Pero a diferencia de mí, el Padre no se ha dado por vencido. No ha quitado el dedo del renglón, por decirlo de alguna manera. Dios sigue esperando a Israel. Dios sigue enviando sus bendiciones sobre su pueblo. Dios sigue instruyéndolos aún en su ignorancia. Dios sigue con su plan, y nada hará que desista de ello. 

Esa mañana estaba a punto de rendirme, pero el Padre me recordó cuántas veces él me ha esperado, me ha reprendido, me ha abrazado. No se ha dado por vencido aún cuando a ojos de muchos parezco “sin remedio”. Aún cuando para mí misma soy “un caso perdido”. 
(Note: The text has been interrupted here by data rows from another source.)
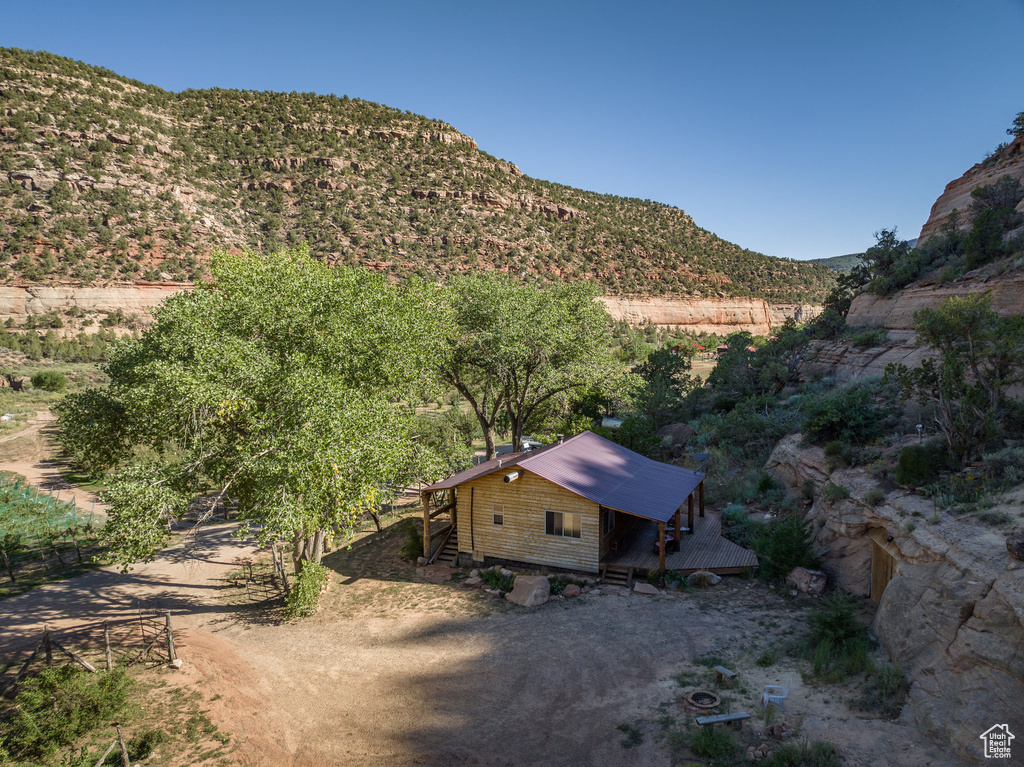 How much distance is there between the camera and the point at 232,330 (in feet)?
42.5

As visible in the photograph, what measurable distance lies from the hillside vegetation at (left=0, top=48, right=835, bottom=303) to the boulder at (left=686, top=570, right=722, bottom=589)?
50.2m

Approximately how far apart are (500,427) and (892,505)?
75.0 feet

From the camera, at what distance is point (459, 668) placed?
1062cm

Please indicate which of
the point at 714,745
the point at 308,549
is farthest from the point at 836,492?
the point at 308,549

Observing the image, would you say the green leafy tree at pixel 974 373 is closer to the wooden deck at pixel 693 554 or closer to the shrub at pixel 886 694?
the wooden deck at pixel 693 554

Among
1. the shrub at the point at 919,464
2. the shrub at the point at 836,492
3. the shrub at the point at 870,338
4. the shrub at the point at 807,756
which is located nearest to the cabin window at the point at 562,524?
the shrub at the point at 836,492

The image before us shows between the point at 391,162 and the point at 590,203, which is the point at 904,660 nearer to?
the point at 391,162

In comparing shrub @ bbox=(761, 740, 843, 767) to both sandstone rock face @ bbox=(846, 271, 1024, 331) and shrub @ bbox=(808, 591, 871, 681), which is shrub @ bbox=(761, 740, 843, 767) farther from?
sandstone rock face @ bbox=(846, 271, 1024, 331)

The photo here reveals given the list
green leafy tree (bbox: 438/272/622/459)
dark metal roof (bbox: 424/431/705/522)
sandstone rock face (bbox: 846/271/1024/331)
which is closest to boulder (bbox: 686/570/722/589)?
dark metal roof (bbox: 424/431/705/522)

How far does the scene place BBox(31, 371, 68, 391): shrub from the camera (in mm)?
39500

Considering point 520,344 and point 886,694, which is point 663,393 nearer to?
point 520,344

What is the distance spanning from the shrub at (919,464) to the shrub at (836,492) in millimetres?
1327

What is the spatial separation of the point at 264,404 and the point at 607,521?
10.1 m

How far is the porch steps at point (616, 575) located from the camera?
14195mm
Así que esa tarde volví a contar la historia del buen samaritano. Y así, día tras día repetí las mismas historias, enfaticé las mismas experiencias. Tal vez hoy ya no se trata de «no pegar», sino de «no mentir», y mañana será «no codiciar»,  y pasado mañana volveré al punto de «obedecer» u «obedecer de inmediato». Pero si Dios no se ha dado por vencido conmigo todos estos años, tampoco lo haré con mis hijos. 

¡Gracias a Dios por un Padre tan perfecto que aún espera a Israel con los brazos abiertos! A su tiempo, Israel volverá a Dios. A su tiempo, yo iré al abrazo del Padre. Y mi oración constante y persistente es que a su tiempo, mi hijo encuentre en Jesús a su Salvador.